### THE TASK
The records beneath should be printed exactly, and the pictures are to be left out.

### DATA PROVIDED
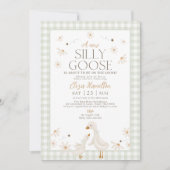 Invitation Oie sotte sur le Baby shower perdu En vichy (Devant)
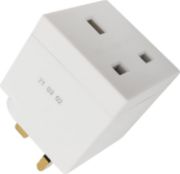 Picture of 2 Way 3 Pin UK Power Adapter Plug Splitter Cube 13A Multi Wall Socket Extension Double UK Plug (Pack of 1)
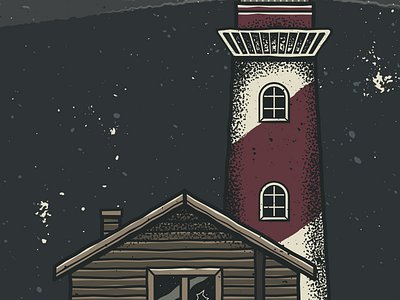 Lighthouse and house album cover design house illustration lighthouse music stippling
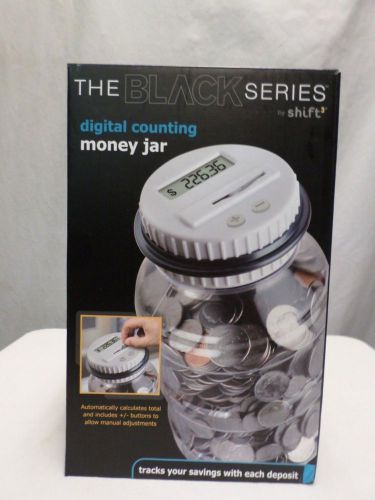 THE BLACK SERIES DIGITAL COUNTING MONEY JAR by Shift3 NEW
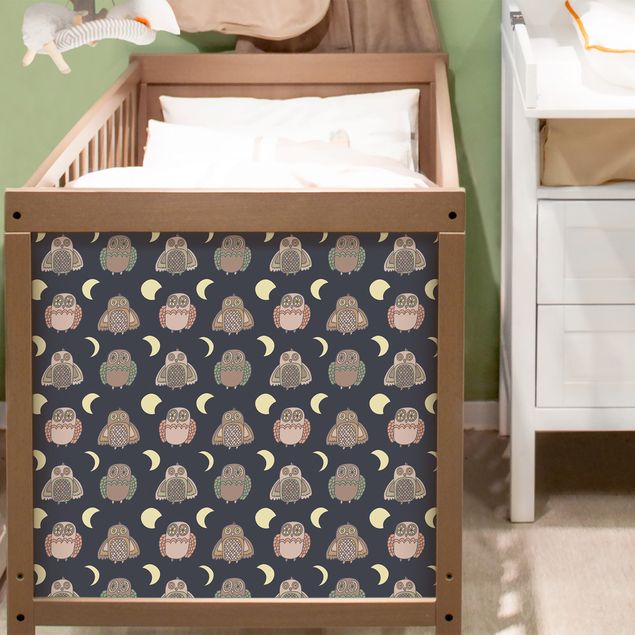 Möbelfolie Kinderzimmer - Nachteulen-Muster mit Mondphasen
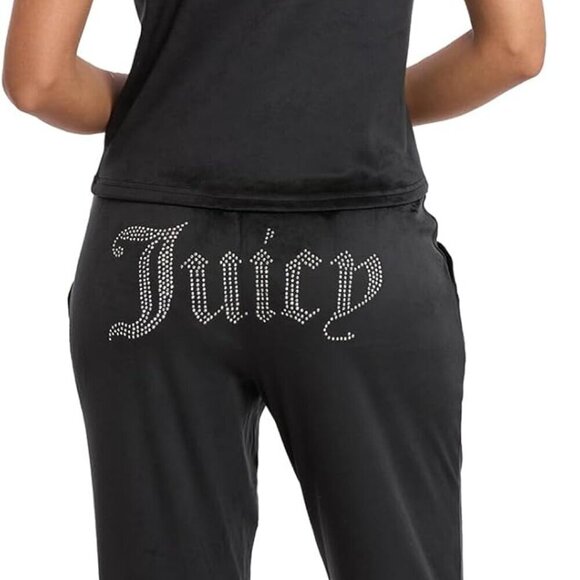 JUICY COUTURE 90s Y2K Inspired Velour Lounge Sleep Set Black | S - Picture 7 of 11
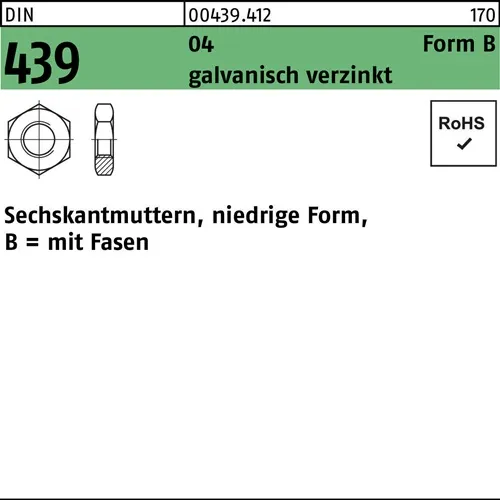 Sechskantmutter DIN 439/ISO 4035 FormB BM 42 Automatenstahl galv.verz. 10St.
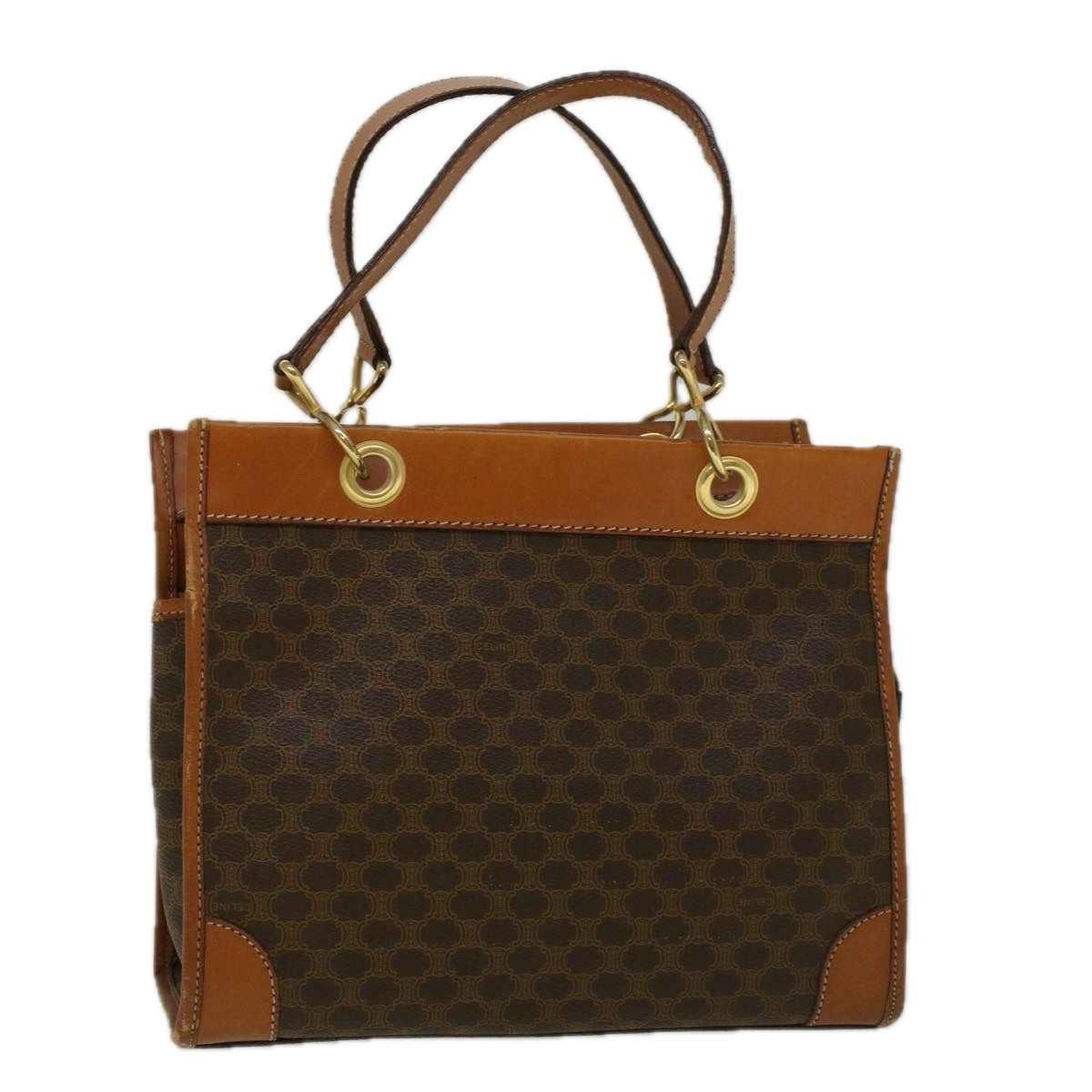 CELINE Macadam Canvas Hand Bag PVC Leather Brown  57855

### ANSWER SECTION
 Invitation Oie sotte sur le Baby shower perdu En vichy (Devant)
 Picture of 2 Way 3 Pin UK Power Adapter Plug Splitter Cube 13A Multi Wall Socket Extension Double UK Plug (Pack of 1)
 Lighthouse and house album cover design house illustration lighthouse music stippling
 THE BLACK SERIES DIGITAL COUNTING MONEY JAR by Shift3 NEW
 Möbelfolie Kinderzimmer - Nachteulen-Muster mit Mondphasen
 JUICY COUTURE 90s Y2K Inspired Velour Lounge Sleep Set Black | S - Picture 7 of 11
 Sechskantmutter DIN 439/ISO 4035 FormB BM 42 Automatenstahl galv.verz. 10St.
 CELINE Macadam Canvas Hand Bag PVC Leather Brown  57855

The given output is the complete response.